QUOTE (Daylen @ Feb 12 2010, 05:51 PM)

well where I'm from, they would probably be ready to take shots at dragons and thunderbirds and figure out a good recipie for em. I expect most rural areas are similar. I would hope that humans in cities would rather try for a hard time against critters than poverty, but eh if not I guess its all for the same group that does the ag business now, farmers and some big corps that employ farmers with college degrees. oh and mexicans cant forget them.
I'd like to be the first to point out that if this thread goes political, it's going to get real ugly in a hurry. Always has, always will. The only winning move is not to play.

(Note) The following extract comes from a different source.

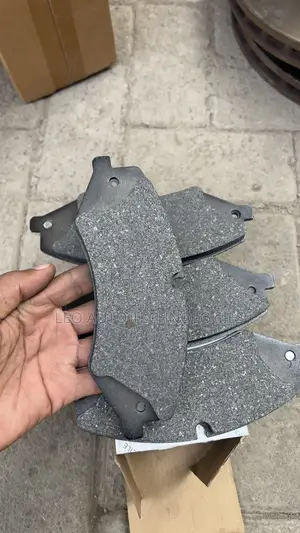 Front Brake Pads for Land Rover Discovery 4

On topic, I'm not sure a willingness to take potshots at big paracritters is a smart move. If you've got the right gear and you get the drop on them, you might be able to bring them down (hell, most Shadowrunners have dropped a couple of nasty critters at one time or another), but lots of these things are hard to see coming and smart enough not to wait for you to get ready. I'm thinking of the Velociraptors in the first Jurassic Park movie - scary not because they were strong and fast, but because they tended to come out of nowhere and rip your head off. Living in a rural area in SR4 means not having any idea what might be trying to get inside your perimeter today. With enough tech and preparation, a regular guy
can harden his homestead enough to stop most critters from getting into the chicken coop, but the kind of perimeter that will defeat all the various infiltration/insertion methods that you see in the old Paracritters sourcebooks is going to be a drain on a corporate budget, let alone a hard case with a GED and a give-'em-hell attitude.

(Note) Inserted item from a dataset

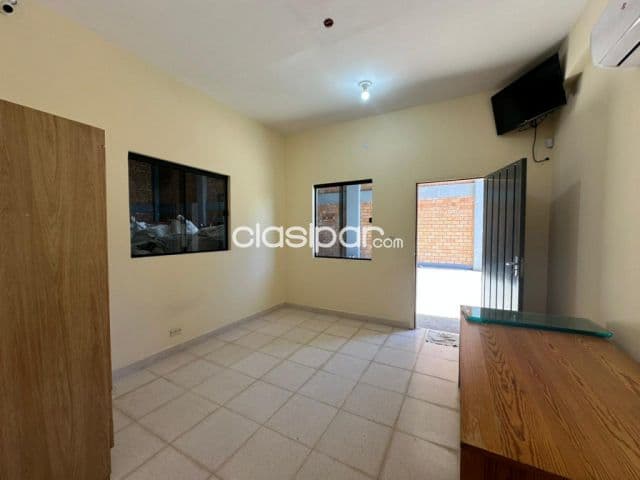 Depósito con infraestructura industrial, listo para operar inmediatamente en San Lorenzo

One of the main deciding factors in the effectiveness of the Fortress Homestead plan is the diversity of paracritters that wander in. If you just get the occasional Bandit or Ghoul, it's not hard to work out a plan to deal with them. If you live in a region with a dozen different sapient maneaters within walking distance, you're going to have a lot of trouble identifying them all and adding countermeasures to your security net. If you assume that some dangerous critters take it one step further and migrate/wander over a large area, you might get hit by something that you've never even heard of before.

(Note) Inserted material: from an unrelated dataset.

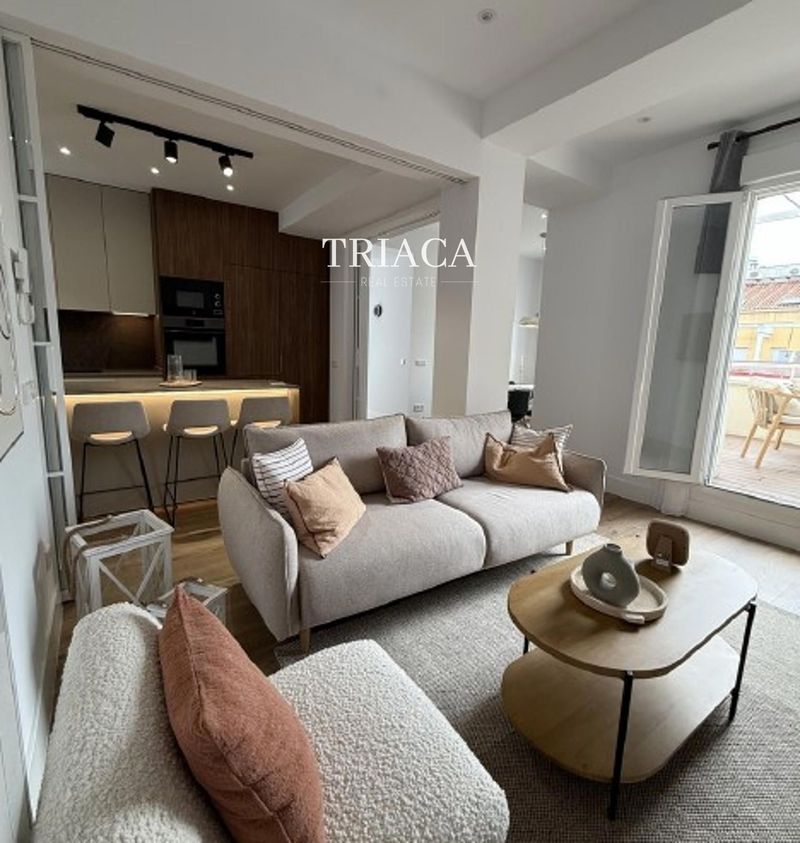 Penthouse for sale Madrid. Ref: 1386. Triaca Real Estate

Way I figure it, you should be able to hold the line if you've got the manpower to maintain a perimeter 24 hours a day, the tech to beat whatever stealth the critters might use, the firepower to stop the biggest thing that's going to wander in, and the economics to feed, clothe and power all of these defenses. If that's the case, I figure you're independently wealthy and would probably do fine in a city as well. On the other hand, if it's just you, a dog, a bunch of kids and a lever-action rifle...can I have your rifle after you get your family eaten?